Vectorworksのシンボル・リソース・3Dモデリング完全ガイド|部品を再利用し立体化する

Vectorworks(ネメトシェック社の建築・インテリア・ランドスケープ対応の総合CAD)を使い始めると、最初にぶつかるのが「同じ什器や建具を毎回描き直すのは無駄では」「平面図と立体をどう両立させるのか」という壁です。Vectorworks には、1つ描いた部品を平面でも立体でも何度でも使い回すしくみが用意されていて、ここを押さえると作図の速さと正確さが大きく変わります。

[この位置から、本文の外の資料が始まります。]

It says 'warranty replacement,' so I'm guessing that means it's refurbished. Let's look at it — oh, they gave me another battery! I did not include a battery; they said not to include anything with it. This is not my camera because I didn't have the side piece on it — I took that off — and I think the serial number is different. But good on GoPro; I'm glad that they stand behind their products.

この記事では、その中心になる「シンボル」「リソースマネージャ」「3Dモデリング」「プラグインオブジェクト」という4つのしくみを、初めての方にもわかる言葉でつながりごと見渡します。

一つひとつの操作手順は各テーマの専用記事にゆずり、この記事は「何ができて、どうつながっていて、どこから学ぶと迷わないか」の全体像を見渡す入口として読んでください。

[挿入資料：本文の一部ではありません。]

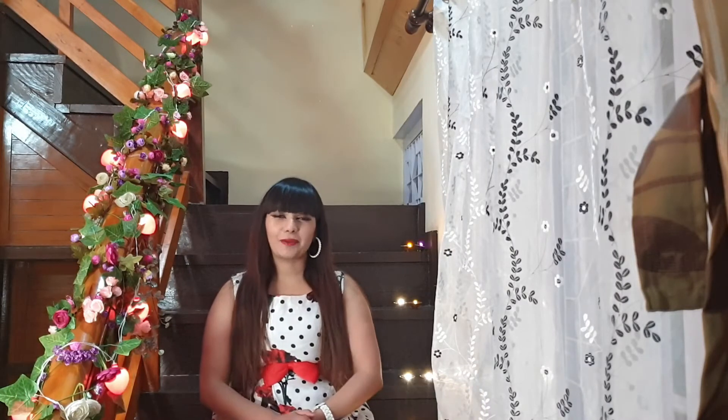Hey guys, it's Meenah and welcome back to my YouTube channel. Today we are making a Floral Staircase — it's a 101% DIY. It's easily marketed on Amazon, and I will link to the products down below so you can check out the description. Let's begin.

シンボル・リソース・3Dモデリングでできること|「再利用」と「立体化」の全体像

Vectorworks の部品まわりの強みは、「1つ描いた部品を、平面でも立体でも、何度でも使い回せる」という一点に集約されます。この記事が束ねる4つのしくみは、それぞれが独立した機能ではなく、部品を「つくる・再利用する・管理する・賢く使う」という一本の流れでつながっています。

このガイドで扱う4つの力

Vectorworks の部品づくりは、役割の違う4つのしくみが支えています。まずはそれぞれが何を担当するかを、1文ずつでつかんでおきましょう。

中心にあるのがシンボルです。シンボルは「シンボル定義」というひな形をファイルに1つだけ持ち、配置するたびにその複製(インスタンス)を置いていくしくみで、定義を直すと配置したものがまとめて直ります。その部品や素材の置き場になるのがリソースマネージャ、部品の形そのものをつくるのが3Dモデリング、そして壁や建具のように数値で形が変わる賢い部品がプラグインオブジェクトです。

この4つの詳しい操作は、それぞれの専用記事で解説します。この記事は各テーマの入口として、全体のつながりと学ぶ順番を示す役割に徹します。たとえば住宅案件で、リビングに置くソファやダイニングの照明器具を「1つ作って各階・各部屋に配りたい」というとき、どのしくみを使えばよいかがこの4つで見えてきます。

4つの力がどうつながるか

4つのしくみは地続きで、「形をつくる → 再利用する → 管理する → 賢い部品として置く」という関係で結びついています。3Dモデリングで形をつくり、その形をシンボルにすれば何度でも再利用でき、部品や素材はリソースマネージャに集まり、壁・建具はパラメータで形が変わるプラグインオブジェクトとして置く、という流れです。

シンボルとプラグインオブジェクトも無関係ではありません。シンボルの一部(編集モードで赤く表示されるタイプ)は、配置したときにプラグインオブジェクトへ変わる性質を持ちます。つまり「使い回す部品」と「賢い部品」は隣り合わせで、この位置関係だけ頭に入れておくと後がスムーズです。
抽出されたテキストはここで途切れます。